Italian composer (1857–1919)

Ruggero (or Ruggiero) (Note: His first name is also spelled Ruggiero in many sources. His birth certificate lists his full name as Ruggiero Giacomo Maria Giuseppe Emmanuele Raffaele Domenico Vincenzo Francesco Donato Leoncavallo. However, his tombstone spells his first name as Ruggero.) Leoncavallo (Note: English pronunciation: /ˌleɪɒnkæˈvæloʊ/ LAY-on-kav-AL-oh, /ˌleɪoʊnkəˈvɑːloʊ, -kɑːˈ-/ LAY-ohn-kə-VAH-loh-,_---kah--; /it/.) (23 April 1857 – 9 August 1919) was an Italian opera composer and librettist. Throughout his career, Leoncavallo produced numerous operas and songs, but it is his 1892 opera Pagliacci that remained his lasting contribution, despite attempts to escape the shadow of his greatest success.

Today Pagliacci continues to be his most famous opera and one of the most popular and frequently performed works in the operatic repertoire.
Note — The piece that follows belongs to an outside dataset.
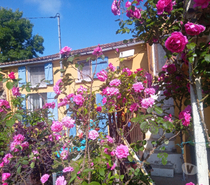Adorable maison atypique au calme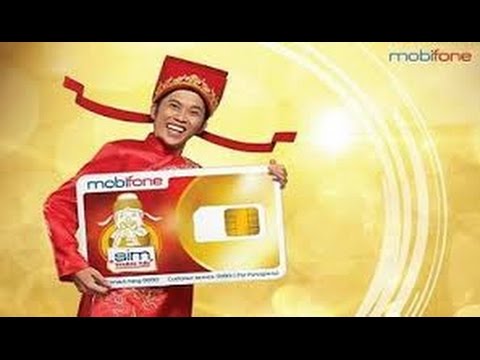 Gói cước thần tài Mobifone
His other notable compositions include the song "Mattinata", popularized by Enrico Caruso, and, to a lesser extent, his version of La bohème which, however, was overshadowed by Puccini's highly successful opera of the same name.

==Biography==
The son of Vincenzo Leoncavallo, a police magistrate and judge, Leoncavallo was born in Naples, at the time the capital of the Kingdom of the Two Sicilies, on 23 April 1857.

As a child, Leoncavallo moved with his father to the town of Montalto Uffugo in Calabria, where he lived during his adolescence. In 1868 he returned to Naples, where he eventually became a student at San Pietro a Majella Conservatory. From 1876 to 1877, he studied literature under the famed Italian poet Giosuè Carducci at the University of Bologna. He also lived in Potenza, from 1876 until 1878.
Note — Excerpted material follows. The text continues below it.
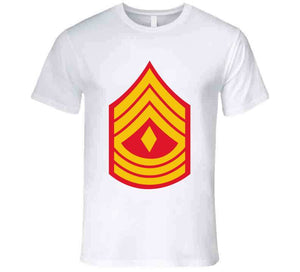 Usmc - First Sergeant  Wo Txt X 300 T Shirt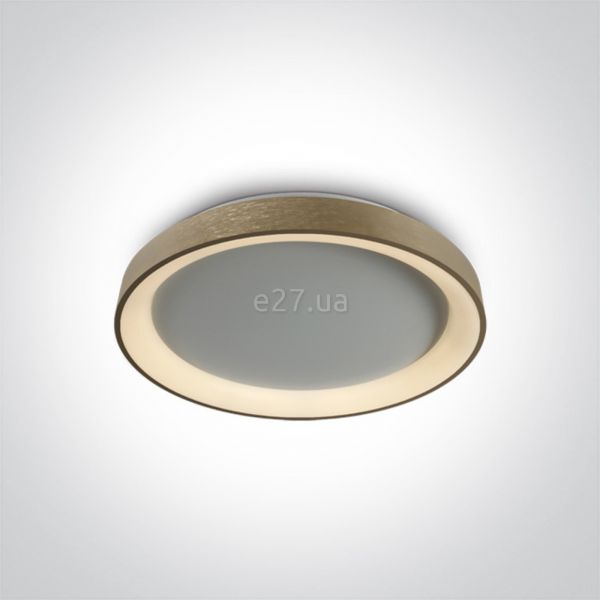 Потолочный светильник One Light 62130L/BGL/W The LED Decorative Plafo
In 1879, Leoncavallo's uncle Giuseppe, director of the press department at the Foreign Ministry in Egypt, suggested that his young nephew come to Cairo to showcase his pianistic abilities. Ruggero Leoncavallo arrived in Egypt shortly after the Ottoman Sultan Abdul Hamid II had deposed Khedive Ismail (June 1879) and replaced him as Khedive of Egypt with Ismail's son Tewfik Pasha. Mahmud Hamdi Pasha (1863–1921), the teenage brother of the new Khedive, appointed Ruggero Leoncavallo as "his private musician". His time in Egypt concluded abruptly in mid-1882, as the British intervened in the Urabi revolt of 1879–1882 in Alexandria and Cairo led by Ahmed Urabi; the composer fled and travelled to France. In Paris, Leoncavallo found lodging in Montmartre.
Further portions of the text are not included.